Ground state energy estimation for strongly correlated quantum systems remains a central challenge in computational physics and chemistry. While tensor network methods like DMRG provide efficient solutions for one-dimensional systems, higher-dimensional problems remain difficult. Here we present a variational double bracket flow (vDBF) algorithm that leverages Sparse Pauli Dynamics, a technique originally developed for classical simulation of quantum circuits, to efficiently approximate ground state energies. By combining greedy operator selection with coefficient truncation and energy-variance extrapolation, the method achieves less than 1% error relative to DMRG benchmarks for both Heisenberg and Hubbard models in one and two dimensions. For a 10x10 Heisenberg lattice (100 qubits), vDBF obtains accurate results in approximately 10 minutes on a single CPU thread, compared to over 50 hours on 64 threads for DMRG. For an 8x8 Hubbard model (128 qubits), the speedup is even more pronounced.
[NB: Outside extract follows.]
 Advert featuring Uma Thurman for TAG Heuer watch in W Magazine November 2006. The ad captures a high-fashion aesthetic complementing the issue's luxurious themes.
These results demonstrate that classical simulation techniques developed in the context of quantum advantage benchmarking can provide practical tools for many-body physics.

Paper Structure

This paper contains 29 sections, 18 equations, 6 figures, 2 tables, 1 algorithm.

Figures (6)

  • Figure 1: Schematic depiction of the evolution of a single Pauli string (top) following 3 sequential small-angle Pauli rotations. Background colors indicate the additional set of Paulis that are included under tighter levels of coefficient truncation.
  • Figure 2: Energy vs Variance extrapolations for Heisenberg lattices using a series of vDBF thresholds: $\epsilon=$1e-2 (blue), 1e-3 (orange), 1e-4 (green), 1e-5 (red). (a) 1$\times$100 lattice, (b) 6$\times$6 lattice, and (c)10$\times$10 lattice. Extrapolations shown as solid lines. Uncertainties (difference between linear and quadratic fits) shown as shaded regions. DMRG best estimates (dashed grey line). 1% error region w.r.t. DMRG best estimate (grey shaded area). For (c), DMRG extrapolation is shown, with DMRG discarded weight at the top axis.
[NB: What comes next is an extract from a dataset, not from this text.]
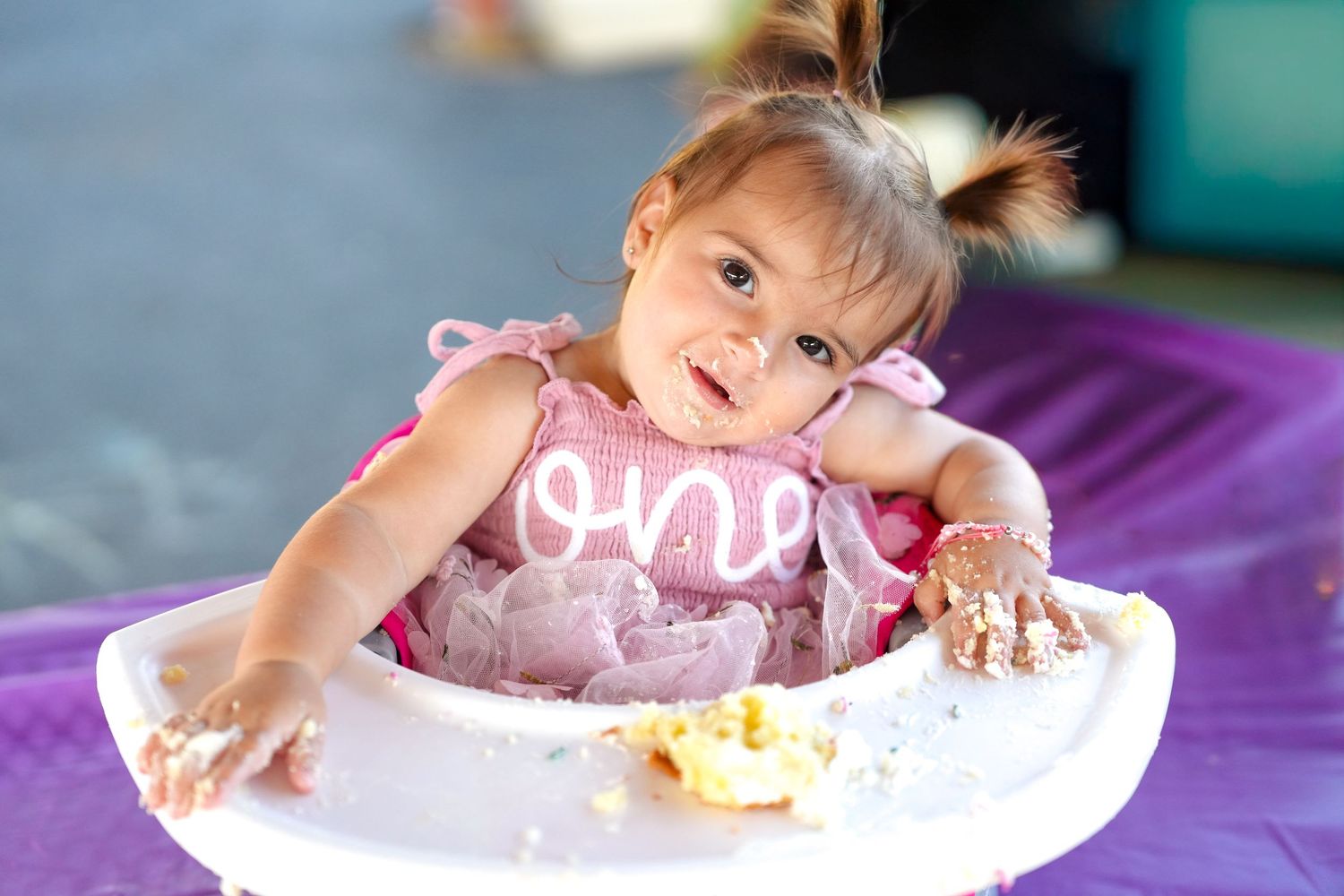Child reaching for cake during first birthday photoshoot with purple backdrop.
  • Figure 3: Spin-spin correlation functions for 1x100 site Heisenberg lattice. $C(r) = \expval{S_1S_r} - \expval{S_1}\expval{S_r}.$ Blue are for converged DMRG results. Black line is vDBF( 1e-4)
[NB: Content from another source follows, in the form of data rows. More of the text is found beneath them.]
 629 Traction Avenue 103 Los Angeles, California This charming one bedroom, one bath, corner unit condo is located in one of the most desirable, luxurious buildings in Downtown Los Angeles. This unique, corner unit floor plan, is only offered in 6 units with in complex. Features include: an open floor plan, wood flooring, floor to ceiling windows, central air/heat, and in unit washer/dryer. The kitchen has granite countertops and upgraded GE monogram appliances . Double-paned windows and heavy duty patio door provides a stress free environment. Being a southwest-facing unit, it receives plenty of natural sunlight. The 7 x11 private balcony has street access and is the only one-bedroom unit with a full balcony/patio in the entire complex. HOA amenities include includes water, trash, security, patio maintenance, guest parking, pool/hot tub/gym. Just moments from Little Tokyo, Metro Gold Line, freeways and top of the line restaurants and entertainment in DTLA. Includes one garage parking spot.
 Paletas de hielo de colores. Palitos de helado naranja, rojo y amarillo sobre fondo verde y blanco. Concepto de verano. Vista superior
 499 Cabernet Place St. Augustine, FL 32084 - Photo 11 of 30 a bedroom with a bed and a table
  • Figure 4: Energy vs Variance extrapolations for Hubbard lattice using a series of vDBF thresholds: $\epsilon=$1e-2 (blue), 1e-3 (orange), 5e-4 (green), 2e-4 (red). Two qubits per fermionic site require 128, 32, and 128 qubits, respectively. Extrapolations shown as solid lines. Uncertainties (difference between linear and quadratic fits) are shown as shaded regions. DMRG best estimates (dashed grey line). 1% error region w.r.t. DMRG best estimate (grey shaded area).
  • Figure 5: Relationship between number of Pauli strings vs truncation threshold for both Heisenberg models (squares) and Hubbard models (circles).